[Stored data]
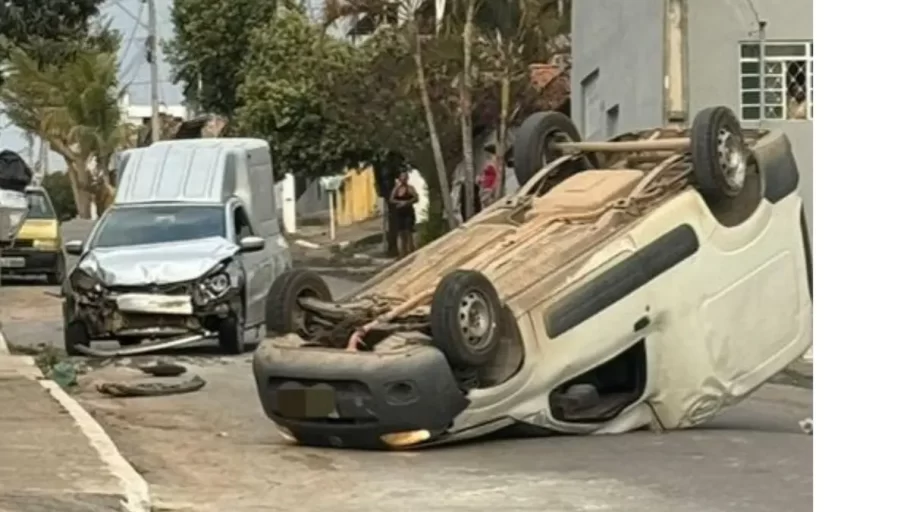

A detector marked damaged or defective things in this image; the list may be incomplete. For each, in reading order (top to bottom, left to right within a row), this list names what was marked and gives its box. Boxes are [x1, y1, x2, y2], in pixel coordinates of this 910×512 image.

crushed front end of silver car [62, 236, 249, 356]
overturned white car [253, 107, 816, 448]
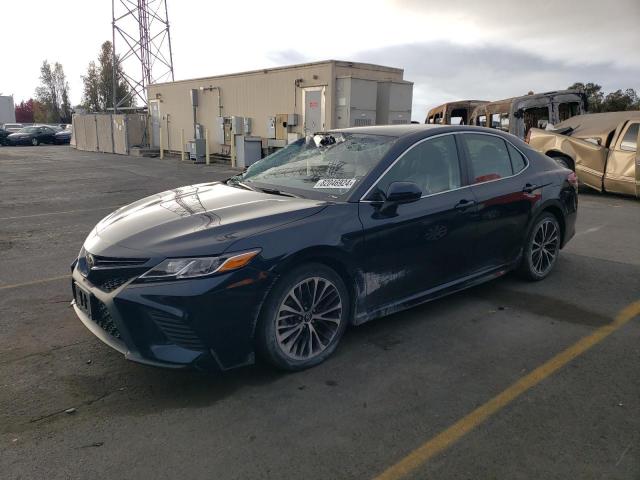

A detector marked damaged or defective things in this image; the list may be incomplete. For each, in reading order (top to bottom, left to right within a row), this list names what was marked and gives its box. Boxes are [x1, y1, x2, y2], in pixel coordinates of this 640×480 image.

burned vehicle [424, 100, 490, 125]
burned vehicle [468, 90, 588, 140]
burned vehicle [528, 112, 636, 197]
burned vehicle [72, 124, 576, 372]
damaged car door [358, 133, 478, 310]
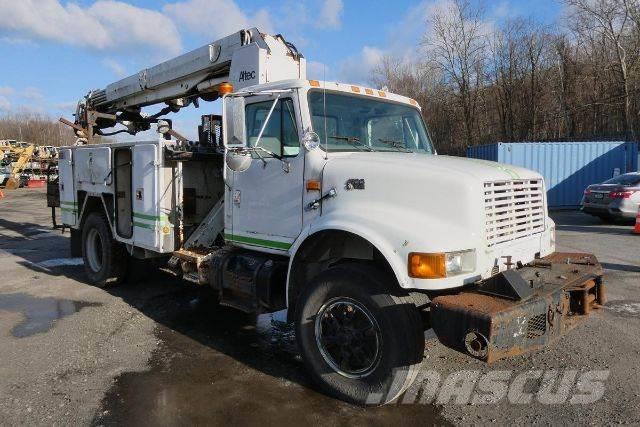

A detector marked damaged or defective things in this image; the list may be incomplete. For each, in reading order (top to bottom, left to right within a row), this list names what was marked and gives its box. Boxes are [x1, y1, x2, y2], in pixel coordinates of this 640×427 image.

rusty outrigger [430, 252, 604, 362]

[THE PROBLEM] Set down nothing but the lines from the one with "this 640×427 image." through the end of the records, keeping each line exactly as written and including both ends.

[SOLUTION FOR THIS EXERCISE]
A detector marked damaged or defective things in this image; the list may be incomplete. For each, in reading order (top to bottom, left to right within a row), this list names what was marked and gives its box. Boxes are [x1, y1, x2, y2], in pixel coordinates of this 640×427 image.

rusty outrigger [430, 252, 604, 362]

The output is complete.